A: I would say it was a collaboration at first with the space. I have always loved the stair and pond area of YBCA and when I found out i was in it, the pond inspired all the work. And the stairs framed by those windows and a tall wall felt like a cozy spot with a mix of exterior and interior which is exactly how my studio is. The curators and installation crew at YBCA have been amazing and I do believe we are now collaborating in that they are supporting us financially to realize our vision and literally helping with actualization of ideas logistically. So in that sense I am content with the amount of work being asked for and the space. My second choice was to be in the concrete floor room  and I am a bit sad not be able to show with the others especially since this grouping feels sculpture heavy. So it could have been a real circus all in the same room which I would have liked too. 

Q: What is something you like about our current Bay Area art scene? 

A: The weather.

Q: I agree about the value of not limiting such a show to ‘emerging’ – which has always been such a nebulous term. I should probably ask you in private with my gallerists hat on (50% beret, 50% pork pie hat?) but are their artists you think could use a little more love? And if not specific artists, are there types of practices that you want to see more of up?

A: More installation art. Older artists over 70 showing with artists that are younger. More inter-generational shows.  Curated shows that don’t have to have a commercial aspect to survive. How that is going to work I do not know. So  many artists need love.

Q: Your description of your interaction with the crew and curatorial at YBCA sounds great – a model for how these things should always be. The way you respond to your ‘second choice’ sounds dreamy to me too, but maybe isn’t for everyone. Maybe this is a strange question but have you collaborated directly much with other artists?

A: No not really. I used to do way more collaborative art shows when I lived in sf and we had shows in non-gallery spaces. I would love to collaborate with light and theater artists. Making sculptures for a drama or moving action would be very exciting. I also would love to work with a landscape architect to make interesting dog poop stations or sculptures that could serve as pee patina spots. And finally (I’m not answering your question but instead dreaming) I would like to make food platters that are created with a chef.

Q: Last but not least, what does this lil’ scene need more of?

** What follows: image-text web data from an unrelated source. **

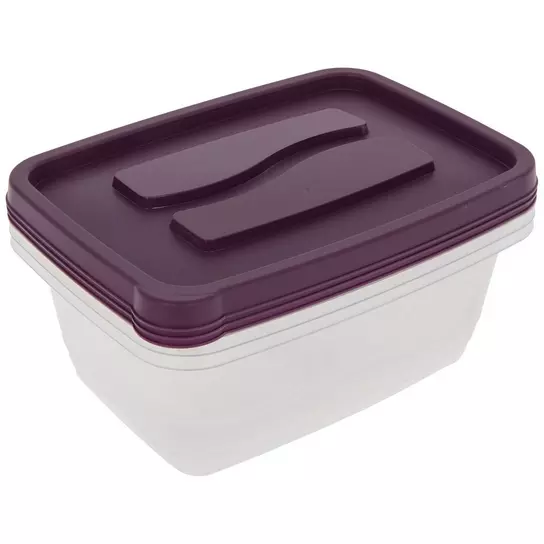 Purple Storage Containers - 6 Piece Set, Hobby Lobby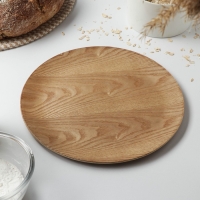 Блюдо для подачи Доляна «Заря», d=25 см, акация Блюдо для подачи Доляна «Заря», d=25 см, акация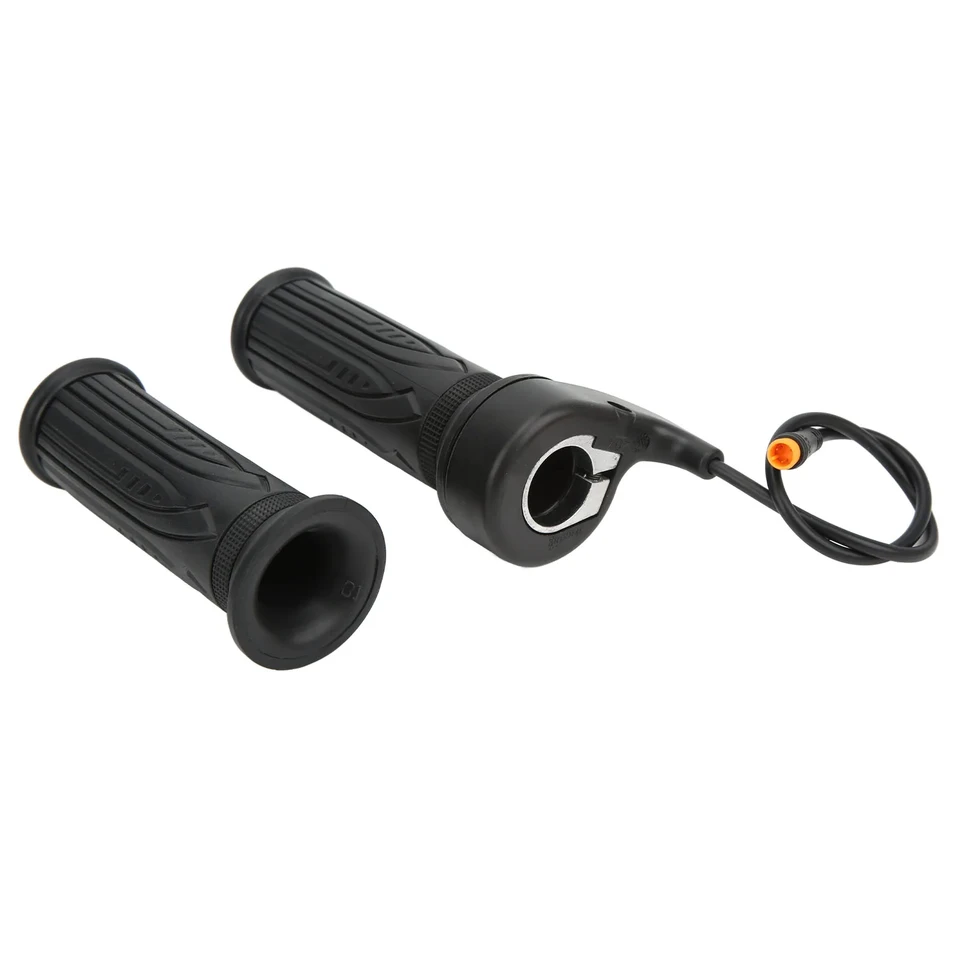 Electric Bike Throttle with 3 Pin Waterproof Connector 23cm Cable Length 12V‑72V 20X Scooter Speed Throttle Handle for 22.2mm image 5
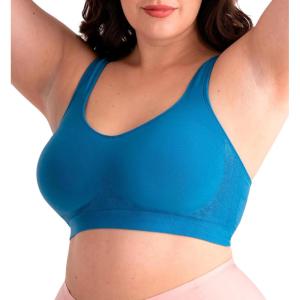 SHAPERMINT Wireless Bras for Women No Underwire – Small to Plus Size Bralettes with Support and Natural Lift(Atlantic Blue)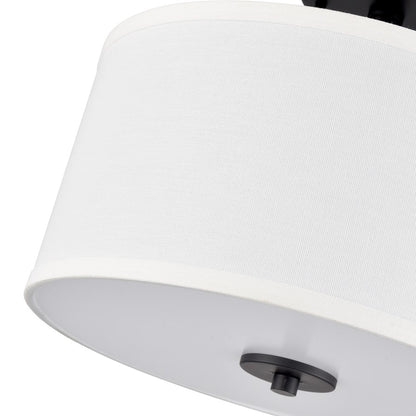 Millennium Lighting Guyten 2Lt 13" Semi-Flush Mount, Black/White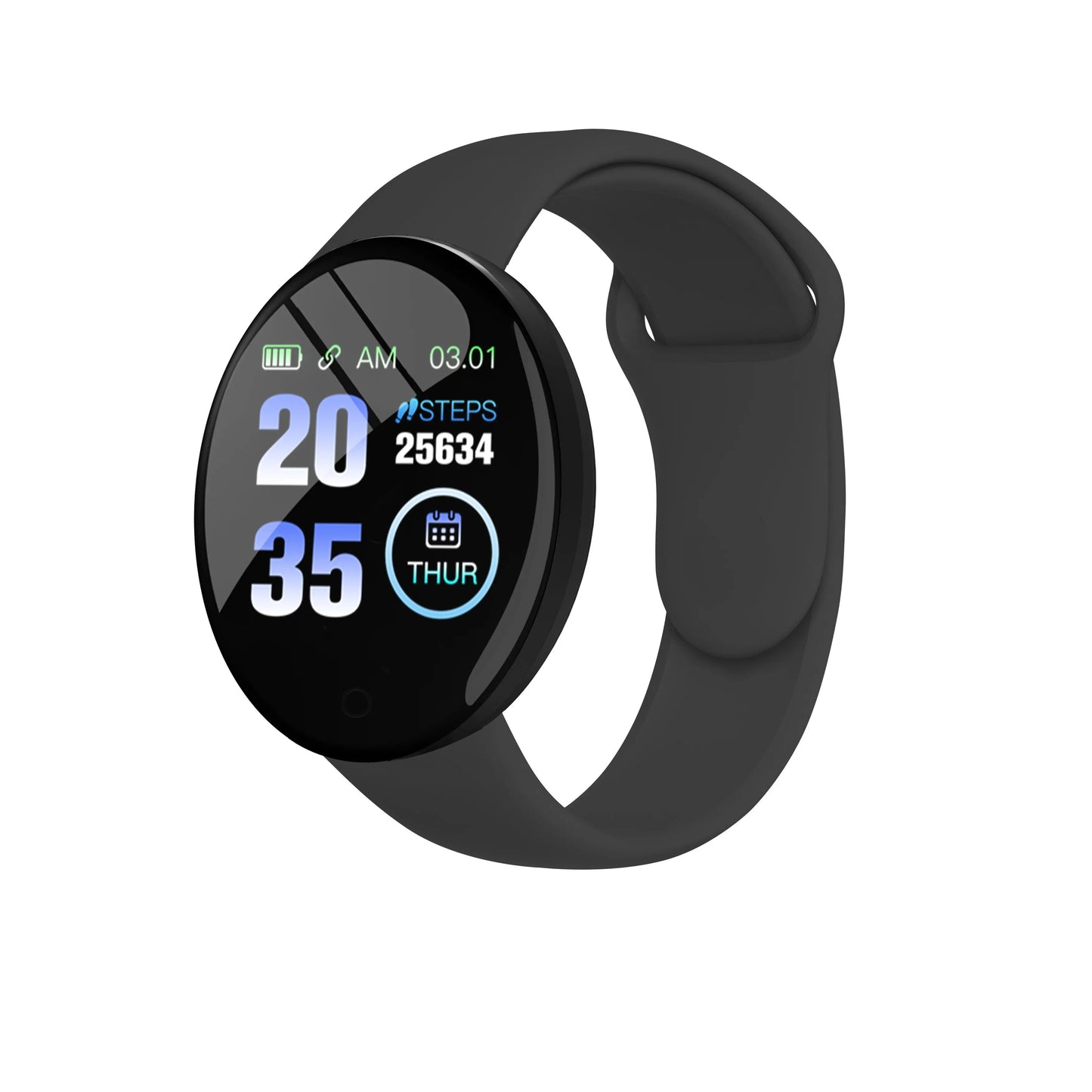 D18 Multifunctional Smart Watch Men & Women Bluetooth Connected Phone Music Fitness Sports Bracelet Sleep Monitor watch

A: This lil scene needs to connect the Bay Area art with rest of the world. I think we have a lot of resonance and influence that goes unrecognized until a space in another city discovers someone that we have known about for years. I also think our public spaces could be so much more interesting if we allowed for more challenging public art. I’m so excited about the new terminal space opening up but I’d also like to see something more on a rotating basis that shows artists (like the high line) that doesn’t just show wall art or murals. And not just functional designer seating. Actual work in public spaces that are strange and not just useful.